If you didn’t, you do now. And it’s much better at predicting future success for pitchers than ERA is. For most pitchers, that is.

Year ERA FIP WAR (FanGraphs) WAR (
2009 3.84 4.78 1.6 2.6
2010 3.88 4.61 1.7 2.2
2011 5.07 5.71 -1.5 -1
2012 3.74 4.08 2.4 3.6
2013 3.79 4.49 0 2.5

That’s Arroyo’s career since his strikeout rate took the kids and left. Remember that he’s pitched half his games in Great American Ballpark, too, which isn’t the friendliest park for fly balls. Still, every year, his ERA was a half- to full-run better than FIP would predict.

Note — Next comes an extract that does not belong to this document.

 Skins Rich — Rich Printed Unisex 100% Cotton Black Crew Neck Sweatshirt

A vote for Arroyo, then, is a vote for the idea that he’s a special pitcher, one for whom the rules don’t apply. If a team is willing to give him three years and many millions, they’re banking on the idea that Arroyo is an outlier, and that he can prevent runs better than the typical pitcher with his strikeout rate.

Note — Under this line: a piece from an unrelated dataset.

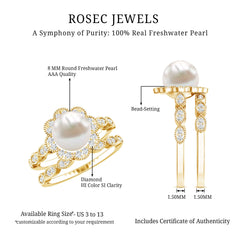 Freshwater Pearl and Diamond Wedding Ring Set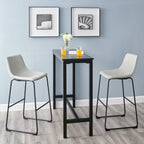 Faux leather bar stools in kitchen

That’s a pretty big assumption — that because Arroyo dooks so hard, he became the kind of pitcher FIP can’t classify well, which is usually something only knuckleballers and crafty left-handers can say. We’re talking about more than 1,000 innings from Arroyo over the last five years, so I buy the theory that he’s different.

But I wouldn’t want to buy it. Not with my own millions. Borrow it, maybe. Lease it. But not buy it.

The Ideal

Arroyo himself listed some of the teams asking about him:

“Yeah, it’s definitely in the early stages,” Arroyo said. “Nobody’s really put a dollar bill in front of me but I have, I think, the Phillies, the Dodgers, the Angels, the Giants, the Twins, maybe even the Orioles, I think all those teams have called, you know, just to say that they are interested.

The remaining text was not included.